Contemplo como cada metro cuadrado de mi hotel se destruye, me gusta cómo las llamas iluminan la oscuridad de la noche, cómo el calor me pone la mano en la cara y hace brillar mis ojos. Las ascuas bailan ante mis pies y me siento en la cima del mundo. Todo arde.
Los pisos van quedando en ruinas, el fuego consume los cuadros, las cortinas, las alfombras de piel. Poco a poco va derrumbándose todo, las piedras caen de lo más alto y estallan en el suelo sin dejar de arder. La tierra húmeda apaga las cenizas. Todo es un espectáculo maravilloso, el fuego es una obra de arte que danza sobre los recuerdos. La belleza puede matar.
Después de tanto fuego, ahora mi piel huele a cenizas. Recuerdo un mar helado en medio de un desierto de cristales de cuarzo, algo me está llamando desde allí. Mientras accedo, los cristales me hacen cortes en las piernas, pero no me duelen.

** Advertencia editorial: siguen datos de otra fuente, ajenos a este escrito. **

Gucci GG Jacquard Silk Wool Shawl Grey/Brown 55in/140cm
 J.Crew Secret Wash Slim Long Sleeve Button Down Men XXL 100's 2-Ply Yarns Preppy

En el aire el eco de una voz suave me abraza y el frío me traspasa la piel, helándome los huesos. Contemplo al fondo del lago a una hermosa criatura.
La piel blanca, con algunas pecas, sé que el tacto es suave y cálido con solo oler su aroma desde lejos. El pelo muy rizado, castaño claro, adornado con copos de nieve. No me atrevo a mirarle a los ojos, temo que me convierta en una estatua de cuarzo como las que veo a mi alrededor. Pero, lentamente, el deseo me puede.
Y nunca supe qué fue de ella tras huir del dolor de las agujas, qué pasó después de que el mar me diese miedo, porque si le miraba me ahogaba dentro de sus ojos. Huí definitivamente de esos cristales de cuarzo, del veneno. Me fui a vivir entre las montañas, donde el fuego no quema y la vida brilla con luz propia, alzándose junto al Sol.